Ekonomi Dunia Masih Gelap. Apakah Indonesia Juga? Begini Kata Gubernur BI

Divergensi (situasi yang bertentangan dalam) ekonomi dunia berlanjut, membuat ketidakpastian global tetap tinggi. Perekonomian Amerika Serikat (AS) diprakirakan tetap kuat, ditopang konsumsi rumah tangga seiring upah dan produktivitas yang tinggi serta perbaikan investasi.
Sementara ekonomi Eropa, Tiongkok, dan Jepang masih lemah, dipengaruhi permintaan domestik yang belum kuat serta kinerja eksternal yang menurun sejalan dengan perekonomian global yang melambat, dan dampak implementasi kenaikan tarif impor oleh AS.
Ekspansi ekonomi India juga tertahan akibat proses konsolidasi fiskal dan investasi yang belum kuat. “Dengan semua perkembangan tersebut, pertumbuhan ekonomi dunia tahun ini diprakirakan mencapai 3,2 persen,” kata Gubernur Bank Indonesia (BI) Perry Warjiyo saay menyampaikan hasl Rapat Dewan Gubernur (RDG) bulanan BI di Jakarta, Selasa (19/2/2025).
Perry menjelaskan, ketidakpastian pasar keuangan global juga tetap tinggi, dipengaruhi oleh kebijakan tarif impor AS yang lebih cepat dan luas dari prakiraan, serta arah kebijakan bank sentral AS.
Pertumbuhan ekonomi dan inflasi AS yang tinggi, membuat ekspektasi penurunan bunga acuan bank sentral AS The Fed atau Fed Funds Rate (FFR) lebih terbatas.
Kebijakan fiskal AS yang lebih ekspansif juga mendorong imbal hasil (yield) surat utang pemerintah AS atau US Treasury Note tetap tinggi, meskipun sedikit menurun akibat meningkatnya permintaan investor global terhadap surat utang tersebut.
“Perkembangan tersebut menyebabkan besarnya preferensi investor global untuk menempatkan portofolionya ke AS. Indeks dolar AS pun masih tinggi dan menekan berbagai mata uang dunia termasuk rupiah,” ujar Perry.
Ketidakpastian global yang tetap tinggi itu, kata Perry, terus memerlukan respons kebijakan yang kuat sehingga dapat memitigasi dampak rambatannya, guna menjaga stabilitas dan mendorong pertumbuhan ekonomi domestik.

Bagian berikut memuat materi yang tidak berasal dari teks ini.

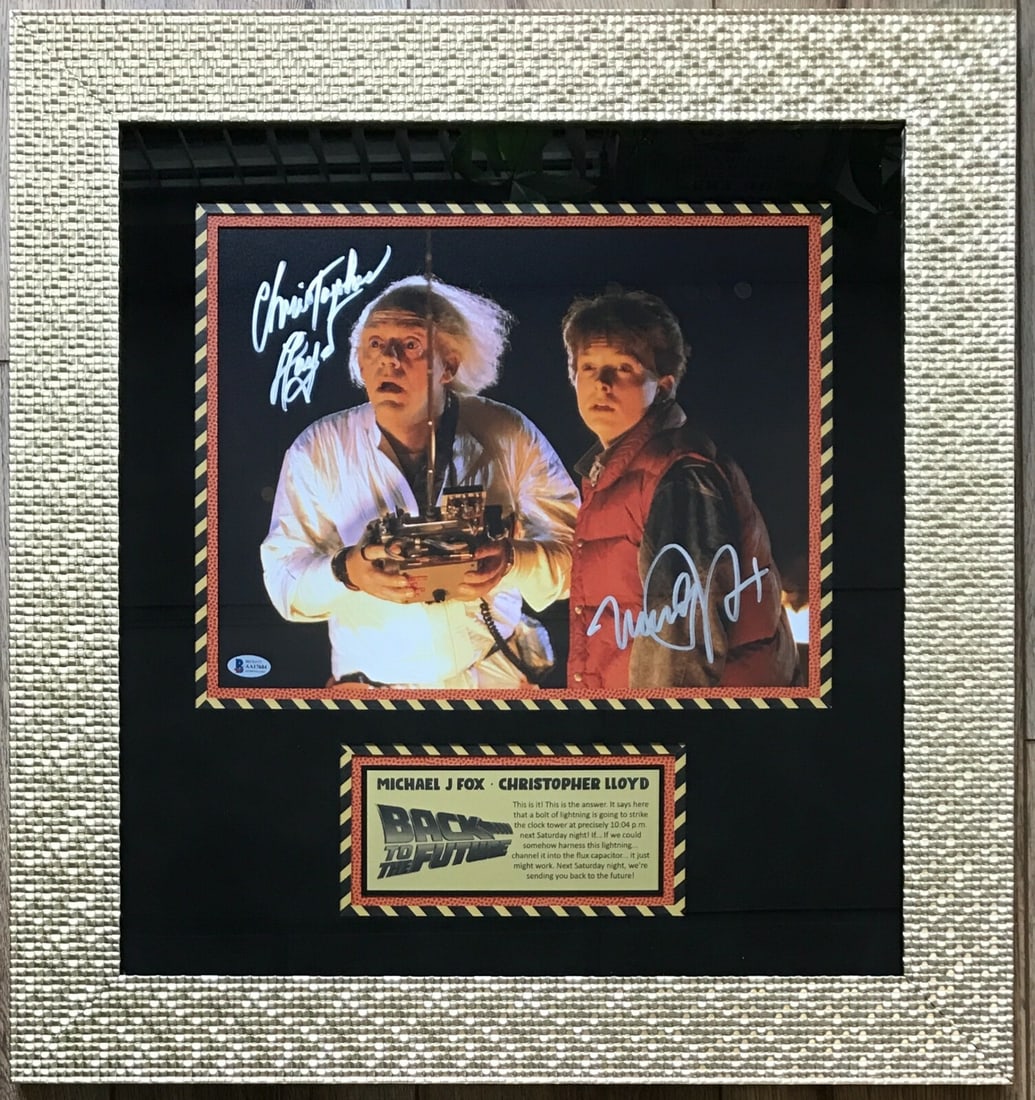 Michael J Fox Christopher Lloyd Signed Back to the Future 11x14 Photo Framed Beckett Authenticated: Michael J Fox Christopher Lloyd Signed Back to the Future 11x14 Photo Framed Beckett Authenticated This stunning display features a professionally framed 11x14 photograph signed by the iconic actors M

Baca juga: Konsumen Kompak Bilang, Ekonomi Makin Tidak Baik-Baik Saja
Dengan bahasa klise, Gubernur BI menyebut pertumbuhan ekonomi Indonesia masih baik, namun perlu terus didorong.
Pada triwulan IV 2024 tercatat 5,02 persen secara tahunan (yoy), meningkat dari 4,95 persen (yoy) pada triwulan III, sehingga secara keseluruhan pertumbuhan PDB 2024 mencapai 5,03 persen (yoy).
BI memprakirakan pertumbuhan ekonomi 2025 berada di kisaran 4,7–5,5% (yoy). Dipengaruhi terutama oleh prakiraan peningkatan investasi, terutama investasi nonbangunan.
Sementara konsumsi rumah tangga yang menjadi penyumbang terbesar pertumbuhan ekonomi (lebih dari 53 persen), kata Perry, juga perlu terus didorong sehingga makin menopang permintaan domestik.
Berbagai upaya memperkuat ekspor, juga perlu terus ditingkatkan guna memitigasi dampak melambatnya permintaan negara-negara mitra dagang utama Indonesia.
Bank Indonesia sendiri, tegas Perry, terus mengoptimalkan bauran kebijakannya untuk tetap menjaga stabilitas dan turut mendorong pertumbuhan ekonomi yang berkelanjutan.
Stimulus kebijakan makroprudensial dan akselerasi digitalisasi transaksi pembayaran, diperkuat sehingga bersinergi dengan stimulus fiskal pemerintah dalam mendorong pertumbuhan ekonomi.
“Bank Indonesia mendukung penuh implementasi program Asta Cita pemerintahan (Prabowo Subianto), termasuk untuk pembiayaan ekonomi, digitalisasi, serta hilirisasi dan ketahanan pangan,” tutup Perry.